Work to be completed: Transcribe nothing but the lines from the one with "DANWEILE - Pantuflas" to the end of the entries, both included, keeping each exact and leaving every picture out.

Brief descriptive captions:
==============================
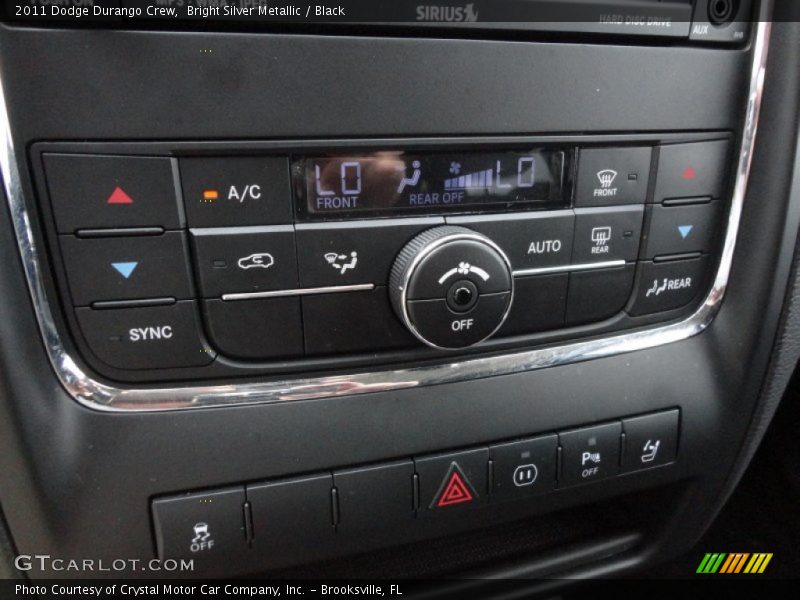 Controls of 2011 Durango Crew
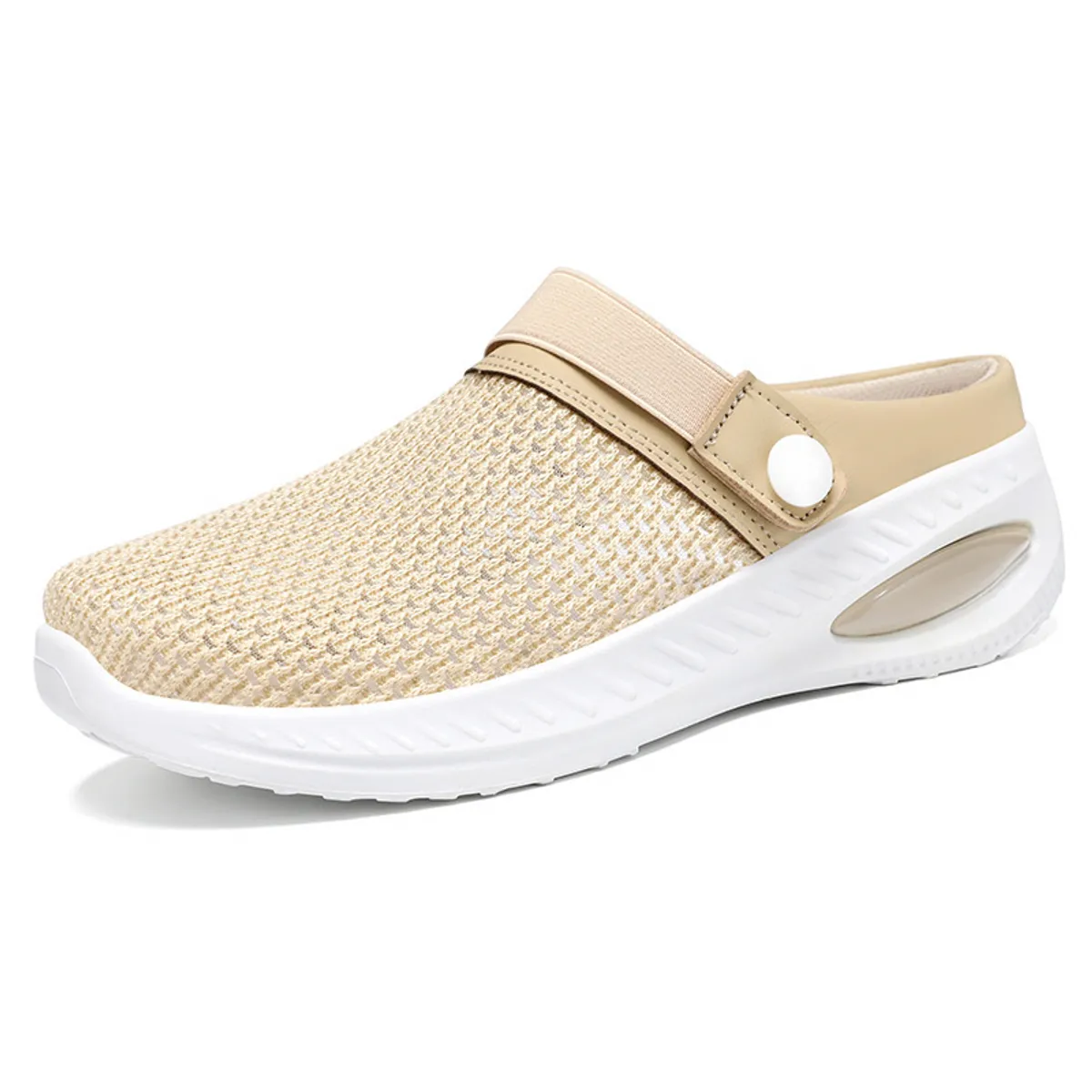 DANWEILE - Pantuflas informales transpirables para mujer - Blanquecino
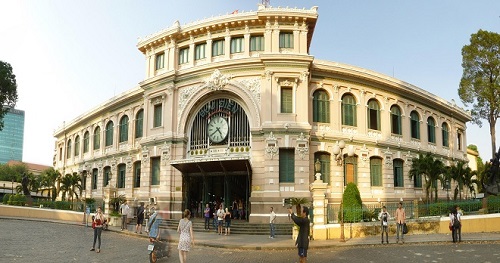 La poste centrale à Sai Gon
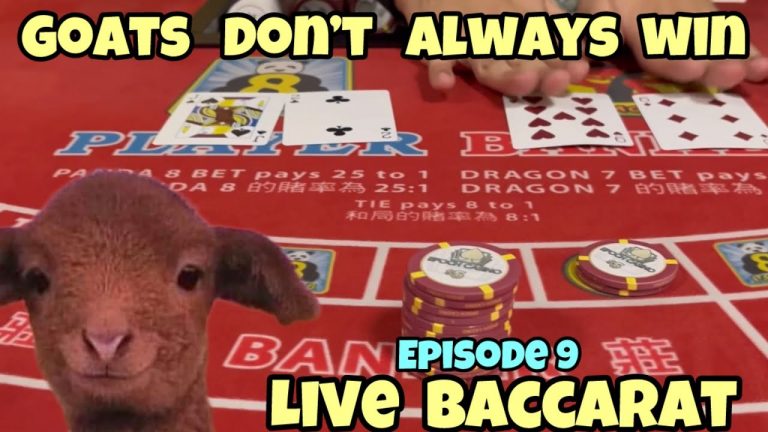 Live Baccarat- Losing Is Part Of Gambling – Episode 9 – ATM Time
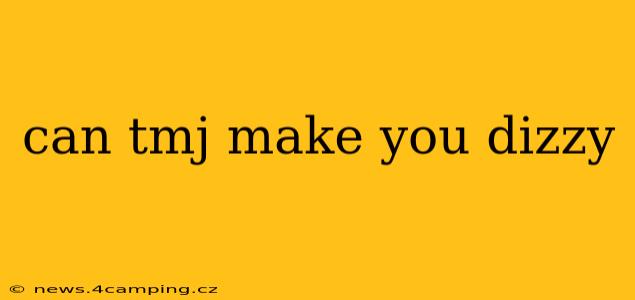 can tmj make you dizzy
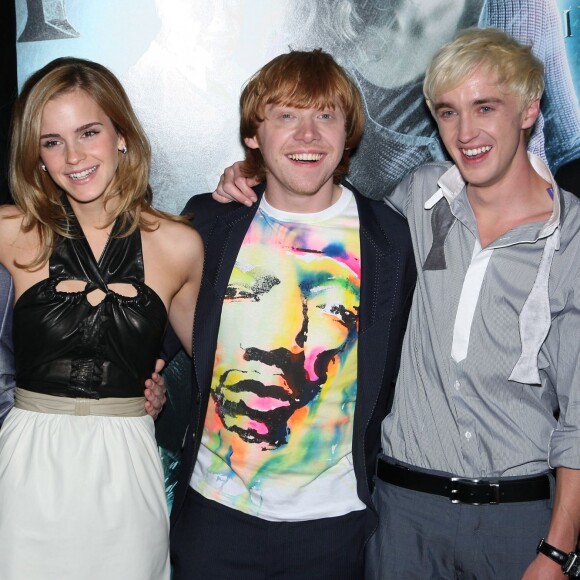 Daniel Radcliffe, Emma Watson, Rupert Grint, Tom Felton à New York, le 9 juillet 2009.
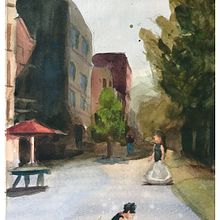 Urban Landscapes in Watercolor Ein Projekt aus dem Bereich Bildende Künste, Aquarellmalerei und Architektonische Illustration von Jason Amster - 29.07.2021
==============================
Response to this task:
 DANWEILE - Pantuflas informales transpirables para mujer - Blanquecino
 La poste centrale à Sai Gon
 Live Baccarat- Losing Is Part Of Gambling – Episode 9 – ATM Time
 can tmj make you dizzy
 Daniel Radcliffe, Emma Watson, Rupert Grint, Tom Felton à New York, le 9 juillet 2009.
 Urban Landscapes in Watercolor Ein Projekt aus dem Bereich Bildende Künste, Aquarellmalerei und Architektonische Illustration von Jason Amster - 29.07.2021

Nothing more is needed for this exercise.